Sword Art Online–Anime Early Impressions


Sword Art Online (Crunchyroll) has certain similarities to Accel World which isn’t surprising since both are based on light novels by Reki Kawahara. However the differences are more striking than the similarities. The most important difference is that Sword Art Online, in spite of its cute drawing style, has a premise that is incredibly dark and grim.

It is so grim that in spite of the high quality of the writing and the artwork, I’m not sure I will be able to continue watching this. So far it has been remarkably depressing. Honestly this makes Fate/Zero look like a cheerful diversion.

Like Accel World, this involves an online game that is made to seem as real as the real world through the use of direct brain-computer interfaces. In Accel World the game is still just a game and what really matters is how they players apply the lessons they learn from it to their real lives. In Sword Art Online the real world has ceased to matter. The players are trapped in the game and their success in it has quite literally become a matter of life and death.

As the story begins crowds of game fanatics are scrambling to buy copies of a new game by the renowned designer Akihiko Kayaba (Kouichi Yamadera). It is a massive online role-playing game (RPG) with a sword and sorcery theme. It achieves total immersive realism by means of the “Nerve Gear” helmet, Kayaba’s invention that directly stimulates the brain. Only 10,000 copies of the game are offered. They are quickly snapped up and the buyers immediately log on to try it out.

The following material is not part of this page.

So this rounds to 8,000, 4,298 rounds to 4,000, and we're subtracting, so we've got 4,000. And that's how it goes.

Our protagonist is Kazuto Kirigaya (Yoshitsugu Matsuoka) who plays under the name of “Kirito”. He helped beta test the game and is eager to play it for real.

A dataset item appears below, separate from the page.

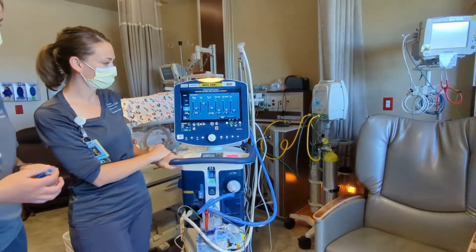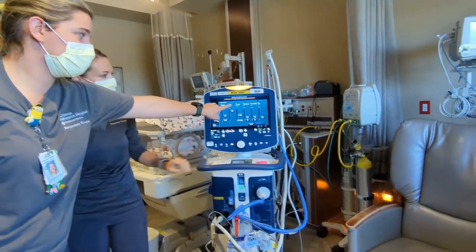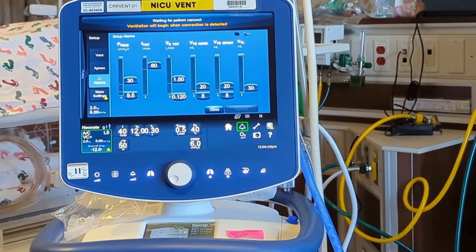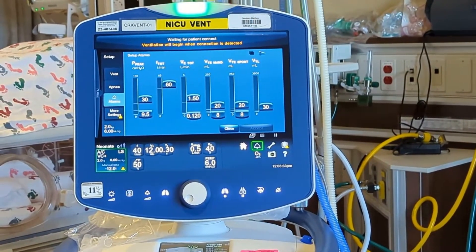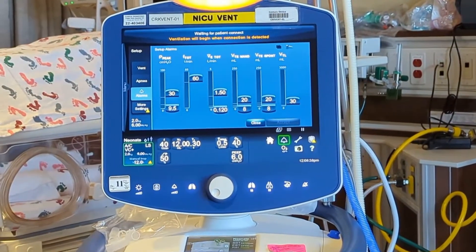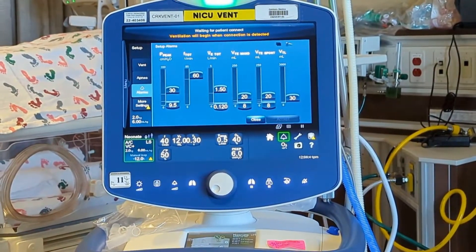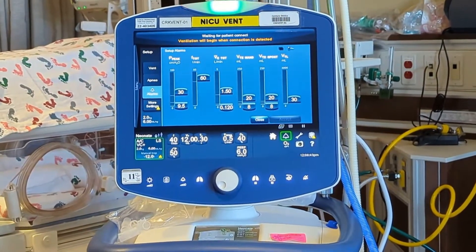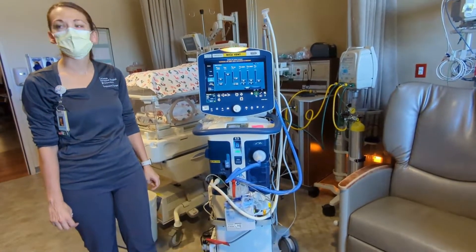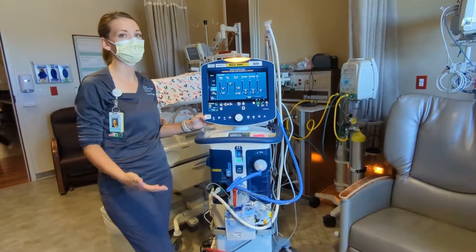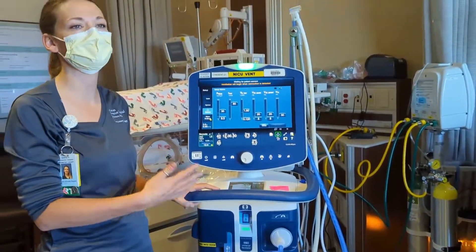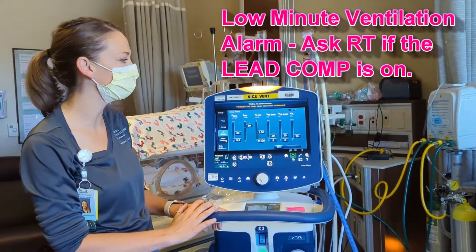Another alarm you're going to see a lot is low minute ventilation — because we have an uncuffed ET tube, air is going to escape around that tube. I generally do not like to turn off any alarms, so it may occur as a nuisance alarm. You always want to troubleshoot by assessing your baby and the ventilator. We do have a tool called leak compensation we can put on — so just ask, is leak compensation on? That's something to consider.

Everything seems to be going fine until he notices that the “log out” command is missing from the game menu.

Kayaba appears to the assembled players. Unfortunately it seems that he is totally psychotic. He has rigged the game so that the players can’t leave. Furthermore if they die in the game their Nerve Gear helmets will really kill them. The helmets will also kill the players if someone tries to remove them or if they lose power. (Though this isn’t explicitly stated I presume that the players will also be killed if Kayaba is arrested and stops administering the game.)

The only way out is to win the game by reaching the top level. But no beta tester ever came close to doing this.

As final fillip Kayaba forces all the game avatars to look like the actual players. This leads to an amusing sequence where most of the cute girls turn out to be nerdy guys.

Of the original 10,000 players about 2,000 immediately freak out and quickly get themselves killed. The rest buckle down and start leveling up in earnest.

In most shounen fighting anime you can safely assume that the main characters won’t get killed. Or at least if a major character does die it will be a heroic death that really means something. In SOA however characters get killed right and left, including characters we know and care about, and their deaths are inherently meaningless since this is just a stupid game run by a lunatic.

Kirito initially acts like a jerk, using the knowledge of the game that he gained as a beta tester to level up quickly without stopping to consider that by sharing his knowledge he might save a lot of innocent lives.

By the second episode he sees the error of his ways and adopts a more heroic role. He becomes the sort of mysterious lone hero who joins up with weaker players, helps them out of a jam, then waves goodbye and rides off into the sunset, trying to avoid forming close ties with anyone. This is still a rather cold, unlikeable persona but maybe he will get better in the future.

2 thoughts on “Sword Art Online–Anime Early Impressions

  1. Steven Den Beste

    How much you want to bet that when the show finally ends, we discover that the people killed out of the game didn’t really die? It was all a joke?

    After all, the people in the game only have that insane guy’s word for it that dying is for real.